## Exercise
Find the line that contains "Zip Up Pajamas - Floral Pastel Stripe". Repeat that line and all lines following it, exactly, through the end of the listing below.
[[ Material for the task open ]]
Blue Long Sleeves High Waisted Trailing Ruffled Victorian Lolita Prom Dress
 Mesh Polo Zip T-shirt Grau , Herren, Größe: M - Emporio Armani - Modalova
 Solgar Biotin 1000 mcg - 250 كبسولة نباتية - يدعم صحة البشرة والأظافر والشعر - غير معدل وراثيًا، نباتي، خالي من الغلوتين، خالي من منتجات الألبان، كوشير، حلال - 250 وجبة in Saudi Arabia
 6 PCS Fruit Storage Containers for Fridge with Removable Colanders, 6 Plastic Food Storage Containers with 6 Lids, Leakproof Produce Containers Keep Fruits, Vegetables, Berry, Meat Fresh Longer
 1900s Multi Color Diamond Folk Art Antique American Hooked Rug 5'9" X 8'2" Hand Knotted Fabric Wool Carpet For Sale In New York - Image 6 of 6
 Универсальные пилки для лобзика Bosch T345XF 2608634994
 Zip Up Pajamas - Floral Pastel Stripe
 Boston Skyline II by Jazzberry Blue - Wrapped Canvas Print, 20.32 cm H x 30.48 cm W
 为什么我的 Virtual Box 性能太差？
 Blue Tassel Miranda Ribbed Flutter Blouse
[[ Material for the task closed ]]
## Task solution
 Zip Up Pajamas - Floral Pastel Stripe
 Boston Skyline II by Jazzberry Blue - Wrapped Canvas Print, 20.32 cm H x 30.48 cm W
 为什么我的 Virtual Box 性能太差？
 Blue Tassel Miranda Ribbed Flutter Blouse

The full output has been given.